**INPUT**
————

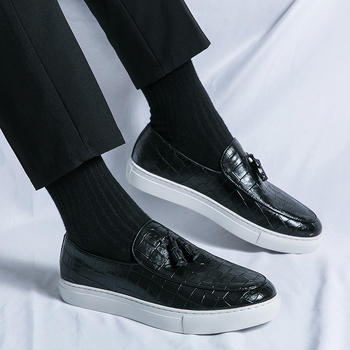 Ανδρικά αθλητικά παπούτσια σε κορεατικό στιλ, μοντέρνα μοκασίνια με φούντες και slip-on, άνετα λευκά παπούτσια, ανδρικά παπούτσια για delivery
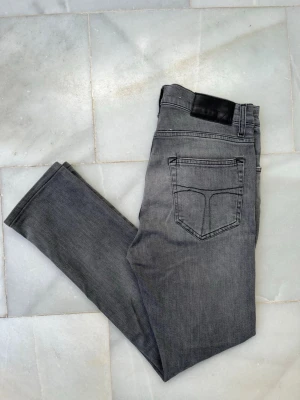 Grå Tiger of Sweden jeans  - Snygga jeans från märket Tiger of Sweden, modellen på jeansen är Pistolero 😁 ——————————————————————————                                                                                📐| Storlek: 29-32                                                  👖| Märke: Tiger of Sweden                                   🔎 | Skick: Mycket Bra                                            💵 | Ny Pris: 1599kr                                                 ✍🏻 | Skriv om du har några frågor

————

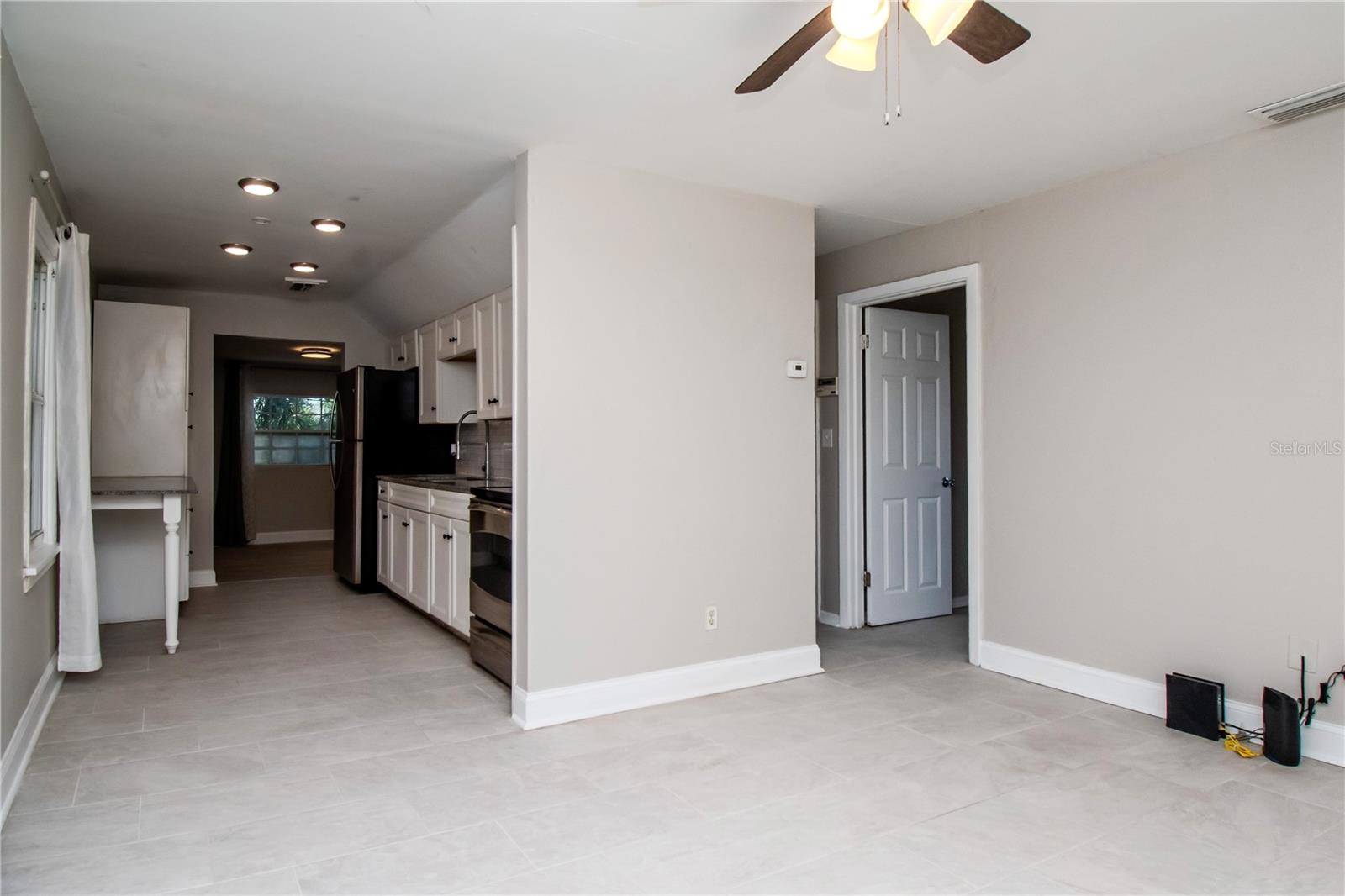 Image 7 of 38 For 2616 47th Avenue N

————

**WHAT YOU WILL DO**
Only one part of the listing is wanted: the lines from the one containing "Ανδρικά αθλητικά παπούτσια" through the one containing "Grå Tiger of", both included. Please transcribe it exactly, leaving out the pictures.

**ANSWER TO THIS TASK**
 Ανδρικά αθλητικά παπούτσια σε κορεατικό στιλ, μοντέρνα μοκασίνια με φούντες και slip-on, άνετα λευκά παπούτσια, ανδρικά παπούτσια για delivery
 Grå Tiger of Sweden jeans  - Snygga jeans från märket Tiger of Sweden, modellen på jeansen är Pistolero 😁 ——————————————————————————                                                                                📐| Storlek: 29-32                                                  👖| Märke: Tiger of Sweden                                   🔎 | Skick: Mycket Bra                                            💵 | Ny Pris: 1599kr                                                 ✍🏻 | Skriv om du har några frågor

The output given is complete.